--- RECORDED DATA Enclosed Below ---
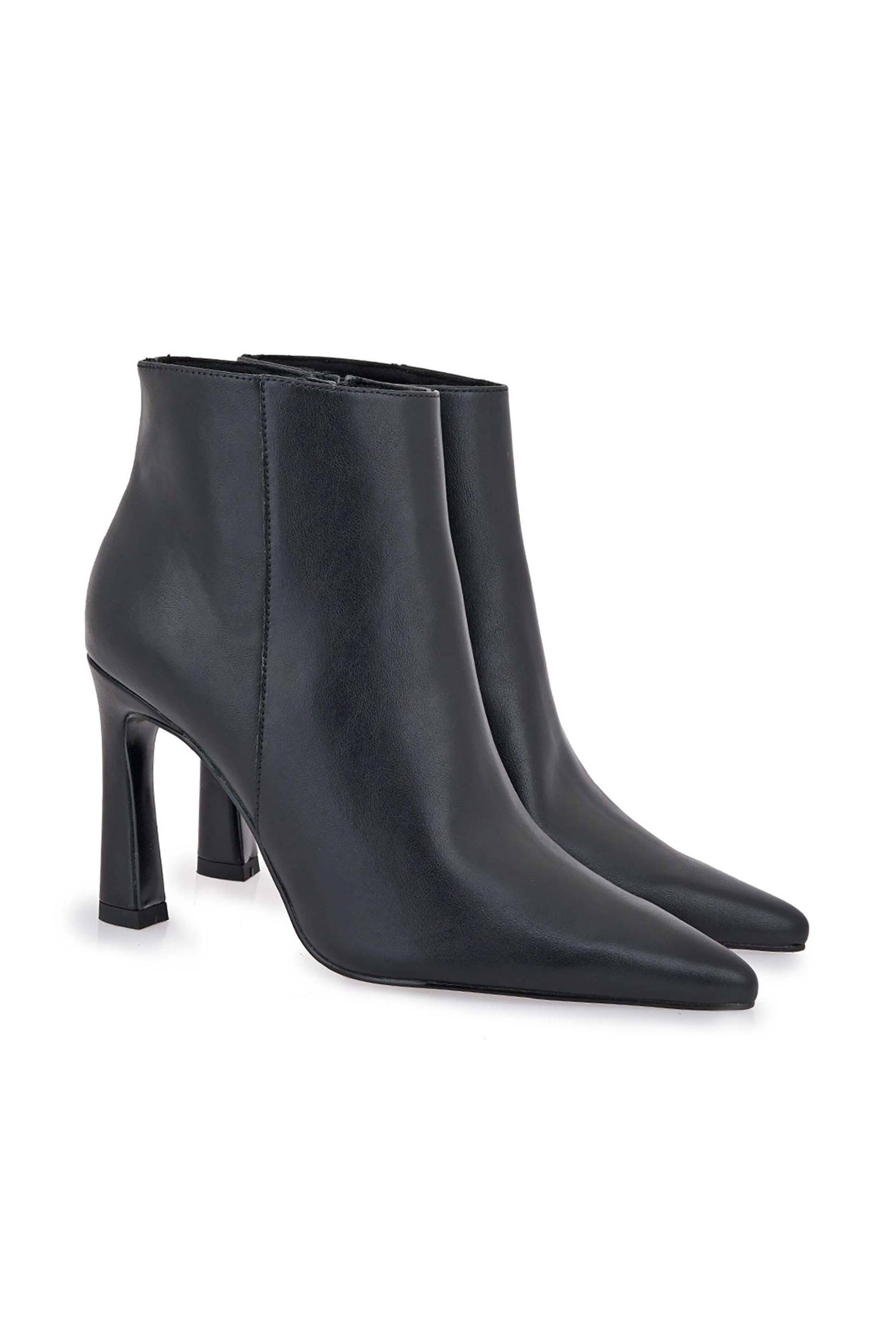 Exe γυναικεία μποτάκια μυτερά με ψηλό τακούνι - V37008995001 Μαύρο φωτογραφία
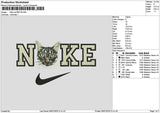 Nike Cat 0907 Embroidery File 6 sizes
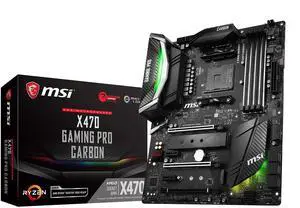 MSI Performance Gaming AMD X470 Ryzen 2 AM4 DDR4 Onboard Graphics SLI ATX Motherboard (X470 Gaming PRO Carbon)
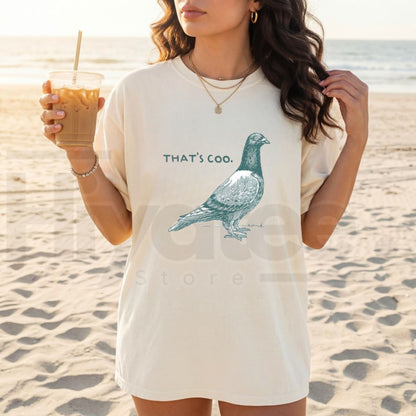 Comfort Colors That's Coo Pigeon T-Shirt – Funny Bird Lover Graphic Tee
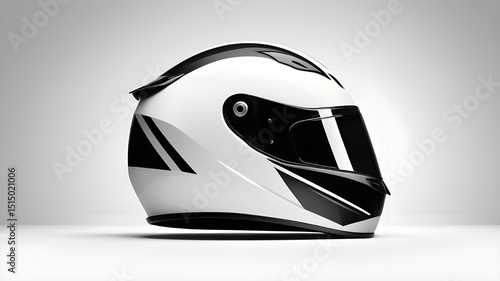 motorcycle helmet isolated on white background photo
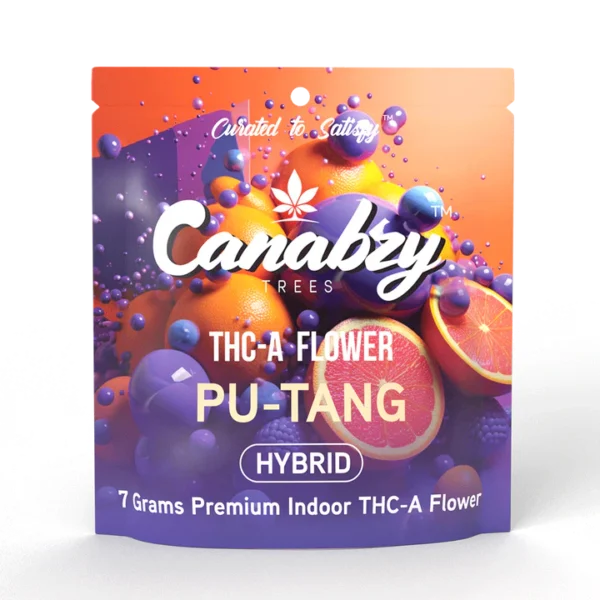 Canabzy THC-A Flower – 7 Grams – PU-Tang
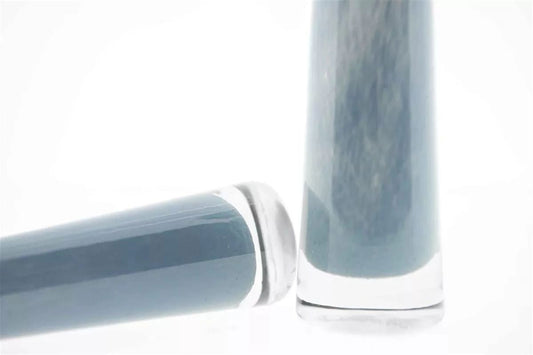 Lowlands Design Solifleur budvase in sleek blue with clear base for single flowers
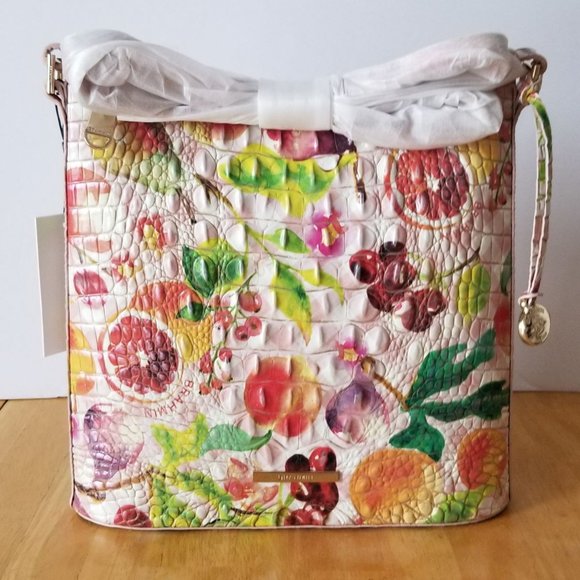 BRAHMIN Purse Katherine Fruit Salad Ombre Melbourne Crossbody Bag - Picture 4 of 16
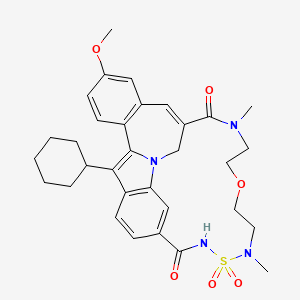 Chemical structure of TMC647055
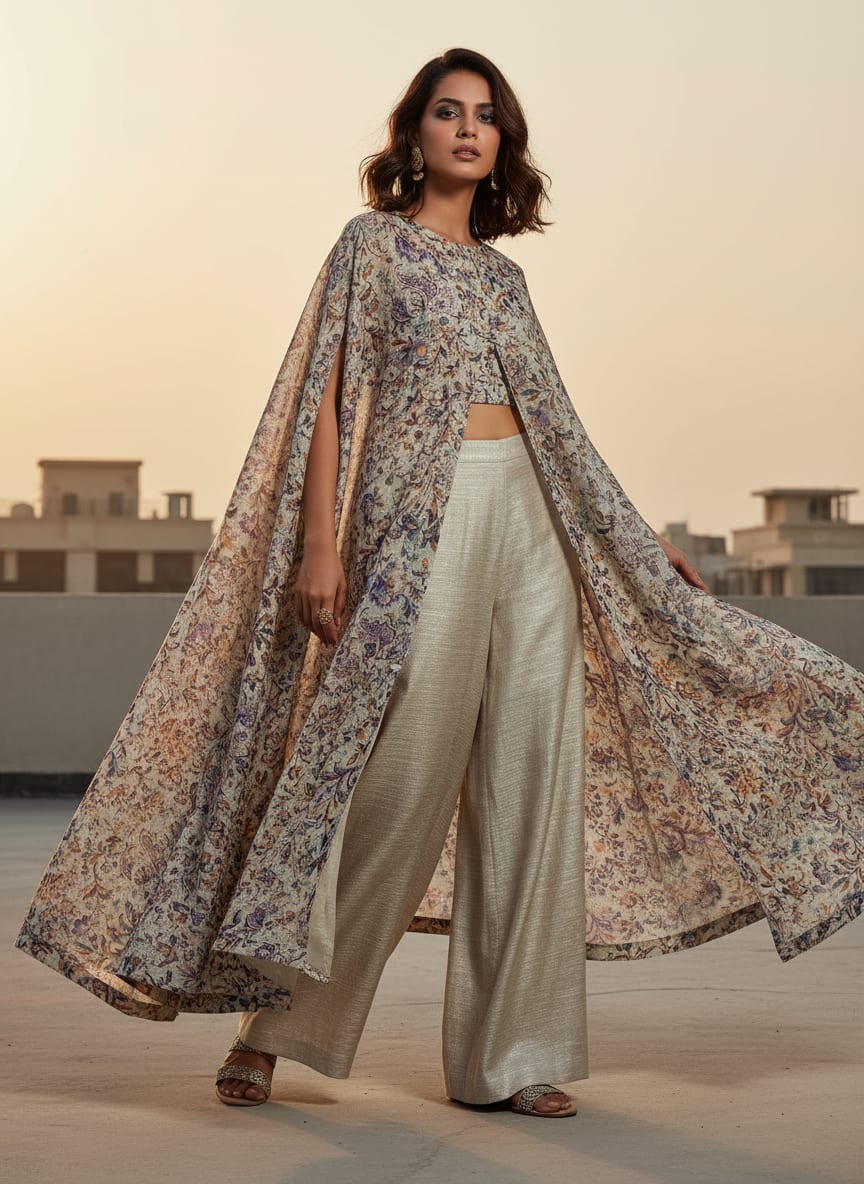 Gorgeous Kalamkari Printed Kota Doria Fabric Material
--- End of Enclosed RECORDED DATA ---
## PROMPT:
Go through the data and return every word of it verbatim, leaving out the pictures.

## EXERCISE SOLUTION:
 Exe γυναικεία μποτάκια μυτερά με ψηλό τακούνι - V37008995001 Μαύρο φωτογραφία
 Nike Cat 0907 Embroidery File 6 sizes
 MSI Performance Gaming AMD X470 Ryzen 2 AM4 DDR4 Onboard Graphics SLI ATX Motherboard (X470 Gaming PRO Carbon)
 Comfort Colors That's Coo Pigeon T-Shirt – Funny Bird Lover Graphic Tee
 motorcycle helmet isolated on white background photo
 Canabzy THC-A Flower – 7 Grams – PU-Tang
 Lowlands Design Solifleur budvase in sleek blue with clear base for single flowers
 BRAHMIN Purse Katherine Fruit Salad Ombre Melbourne Crossbody Bag - Picture 4 of 16
 Chemical structure of TMC647055
 Gorgeous Kalamkari Printed Kota Doria Fabric Material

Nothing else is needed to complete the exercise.